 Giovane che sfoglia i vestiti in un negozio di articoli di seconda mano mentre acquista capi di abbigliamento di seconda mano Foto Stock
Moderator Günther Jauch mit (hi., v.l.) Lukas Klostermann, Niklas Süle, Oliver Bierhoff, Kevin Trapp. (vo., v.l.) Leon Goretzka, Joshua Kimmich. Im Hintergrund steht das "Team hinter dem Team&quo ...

§

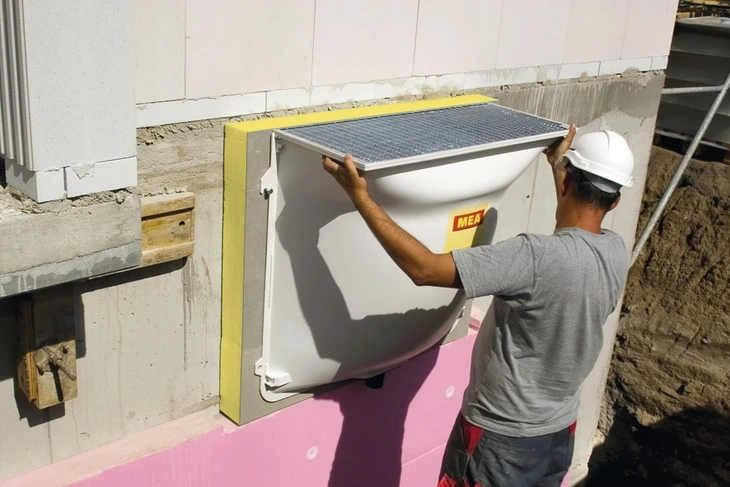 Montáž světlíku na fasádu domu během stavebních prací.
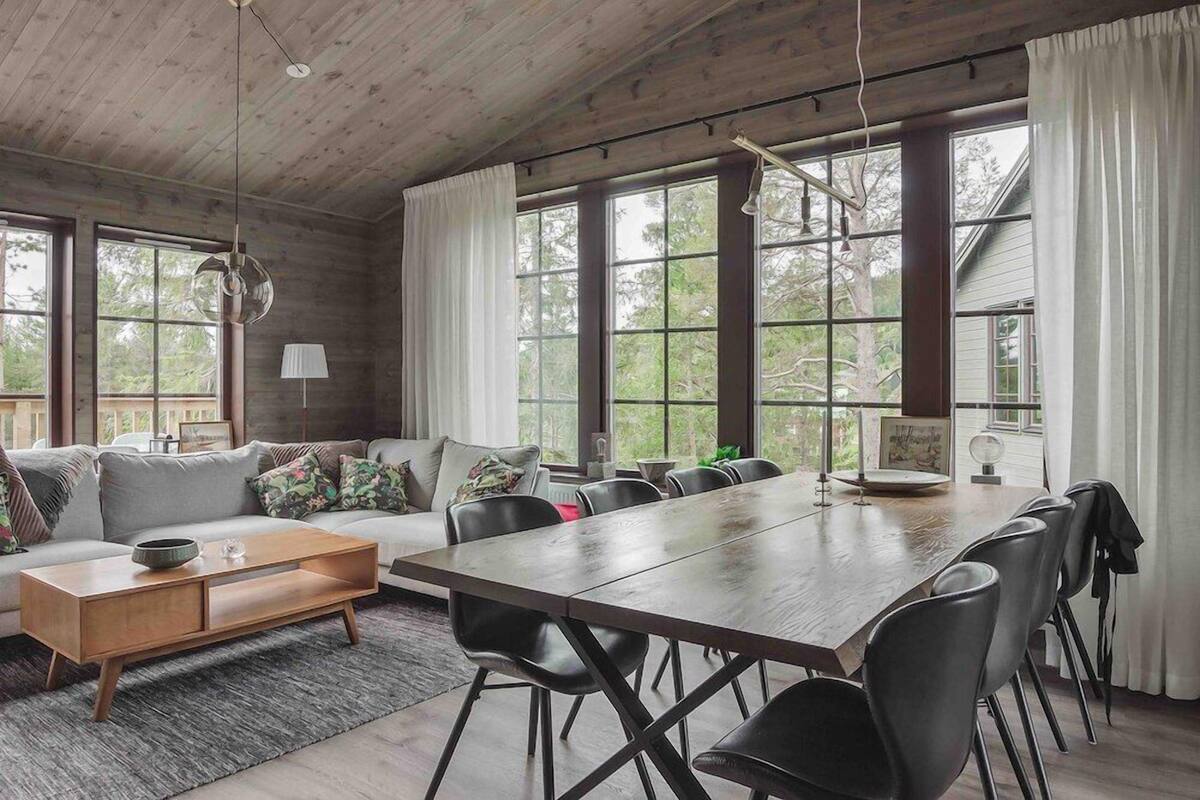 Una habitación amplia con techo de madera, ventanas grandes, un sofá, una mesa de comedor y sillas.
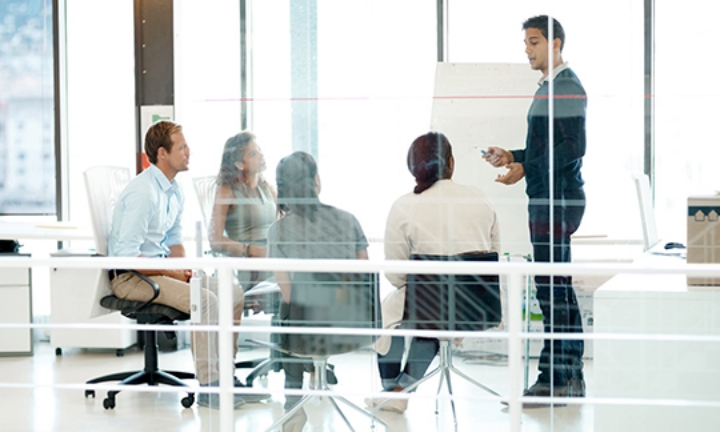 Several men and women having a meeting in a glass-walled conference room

§

[The task]: Look through the listing above for the line with "Una habitación amplia" and the line with "Several men and". Write out exactly those lines and everything between, leaving out pictures.

[Written solution]:
 Una habitación amplia con techo de madera, ventanas grandes, un sofá, una mesa de comedor y sillas.
 Several men and women having a meeting in a glass-walled conference room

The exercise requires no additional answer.